Minnesotans woke up to another Washington-style cover-up at the state level this week as more than 400 Department of Human Services employees publicly blamed Gov. Tim Walz for failing to stop what prosecutors now call the biggest COVID-era fraud in the country. The DHS staffers say they warned the administration early about sham nonprofits bilking taxpayers, only to be punished or ignored when they tried to sound the alarm — a story that reads less like incompetence and more like a political decision to look the other way.
The outrage centers on Feeding Our Future and other schemes that prosecutors and auditors say looted well over a quarter-billion dollars in pandemic food aid and, by broader accounting, helped expose a cascade of wasted federal and state funds topping a billion dollars. Federal investigations have produced dozens of indictments and scores of convictions, while state audits have concluded that agency oversight was woefully inadequate — failures that cost taxpayers and left children shortchanged.
What makes this scandal radioactive is the whistleblower story: rank-and-file DHS workers accuse the Walz administration of retaliation, monitoring, and discrediting employees who reported clear red flags, and they say institutional watchdogs were sidelined so the narrative could be controlled. That is not the language of mere bureaucratic error; that is the language of a political machine that protected favored groups and punished truth-tellers.
Gov. Walz, unsurprisingly, has publicly rejected responsibility and tried to frame criticism as discrimination against entire communities — a dodge politicians of his party use when they are cornered. Saying you won’t “demonize” a community does not absolve you of responsibility for stewarding taxpayer dollars, and Minnesotans deserve a governor who defends children and taxpayers first, not political optics.
Now the federal spotlight is burning hot: the U.S. Treasury and the House Oversight Committee have opened probes into the handling of the fraud, and congressional Republicans are not shy about threatening subpoenas and criminal referrals if answers aren’t forthcoming. If the administration stonewalled internal whistleblowers at the same time the feds were uncovering a nationwide pattern of pandemic-era corruption, those are not mistakes — those are failures that demand consequences.

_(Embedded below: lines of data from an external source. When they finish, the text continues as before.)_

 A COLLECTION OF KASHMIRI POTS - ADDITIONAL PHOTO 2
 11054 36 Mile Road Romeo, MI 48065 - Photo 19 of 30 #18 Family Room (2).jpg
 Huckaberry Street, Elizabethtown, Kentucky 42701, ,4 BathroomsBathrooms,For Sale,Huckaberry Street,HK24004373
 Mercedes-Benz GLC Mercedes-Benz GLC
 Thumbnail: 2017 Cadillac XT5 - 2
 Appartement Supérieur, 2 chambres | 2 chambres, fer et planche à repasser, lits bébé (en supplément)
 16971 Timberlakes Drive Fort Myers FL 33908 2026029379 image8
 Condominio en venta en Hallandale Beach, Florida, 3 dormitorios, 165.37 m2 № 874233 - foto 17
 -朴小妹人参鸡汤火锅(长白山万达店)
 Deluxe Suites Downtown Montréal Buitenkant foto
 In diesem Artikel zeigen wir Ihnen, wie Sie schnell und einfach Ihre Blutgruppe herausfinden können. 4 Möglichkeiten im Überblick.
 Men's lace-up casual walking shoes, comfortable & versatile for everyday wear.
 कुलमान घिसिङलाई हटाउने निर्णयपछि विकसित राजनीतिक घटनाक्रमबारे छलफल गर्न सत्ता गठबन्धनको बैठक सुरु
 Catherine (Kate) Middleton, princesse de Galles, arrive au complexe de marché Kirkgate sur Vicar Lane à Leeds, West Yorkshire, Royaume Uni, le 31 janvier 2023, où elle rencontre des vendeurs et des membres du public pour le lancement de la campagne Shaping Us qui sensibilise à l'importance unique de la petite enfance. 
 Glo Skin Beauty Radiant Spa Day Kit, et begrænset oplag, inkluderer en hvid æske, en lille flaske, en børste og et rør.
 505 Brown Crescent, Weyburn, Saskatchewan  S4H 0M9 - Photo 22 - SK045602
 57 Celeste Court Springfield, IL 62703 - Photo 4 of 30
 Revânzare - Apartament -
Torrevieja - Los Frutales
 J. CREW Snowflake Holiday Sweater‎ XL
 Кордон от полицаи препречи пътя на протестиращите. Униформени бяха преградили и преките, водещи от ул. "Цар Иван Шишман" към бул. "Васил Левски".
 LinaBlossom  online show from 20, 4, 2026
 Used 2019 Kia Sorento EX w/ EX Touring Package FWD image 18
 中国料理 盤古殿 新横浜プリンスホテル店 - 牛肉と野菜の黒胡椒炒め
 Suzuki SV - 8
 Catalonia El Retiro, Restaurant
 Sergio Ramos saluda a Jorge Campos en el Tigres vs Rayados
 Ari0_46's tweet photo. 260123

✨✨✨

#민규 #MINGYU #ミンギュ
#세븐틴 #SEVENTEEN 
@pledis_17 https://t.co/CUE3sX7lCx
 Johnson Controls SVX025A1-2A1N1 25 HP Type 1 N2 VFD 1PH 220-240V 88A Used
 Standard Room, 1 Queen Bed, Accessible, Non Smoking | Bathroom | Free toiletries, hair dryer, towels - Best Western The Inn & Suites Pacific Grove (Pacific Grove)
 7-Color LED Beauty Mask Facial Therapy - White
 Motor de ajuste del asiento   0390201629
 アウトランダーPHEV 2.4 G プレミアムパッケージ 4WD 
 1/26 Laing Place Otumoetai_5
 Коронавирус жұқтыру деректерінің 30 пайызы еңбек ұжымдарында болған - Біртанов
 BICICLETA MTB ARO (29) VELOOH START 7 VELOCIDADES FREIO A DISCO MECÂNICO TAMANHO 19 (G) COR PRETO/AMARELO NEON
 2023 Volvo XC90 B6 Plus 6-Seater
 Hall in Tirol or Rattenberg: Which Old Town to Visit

State House Speaker Lisa Demuth and Minnesota Republicans are rightly demanding hearings, transparency, and accountability, and they’ve said the fraud and mismanagement will be a top priority in the next session. This isn’t partisan grandstanding; it’s a necessary response to protect taxpayers and restore basic competence to state government after years of excuses and cover-ups.
Conservative Americans should see this for what it is: a failure of leadership that enabled thieves and left vulnerable kids and honest workers holding the bag. We need vigorous prosecutions, a full forensic audit, statutory reforms to close the loopholes that allowed this theft, and protections so whistleblowers can report corruption without fearing their jobs or families.
This moment is a test of whether political elites will defend the people who pay the bills or keep shielding their friends and preferred constituencies. Hardworking taxpayers and patriotic parents deserve better from their governor and from anyone who runs our institutions — and when government fails, we will demand answers and deliver accountability at the ballot box.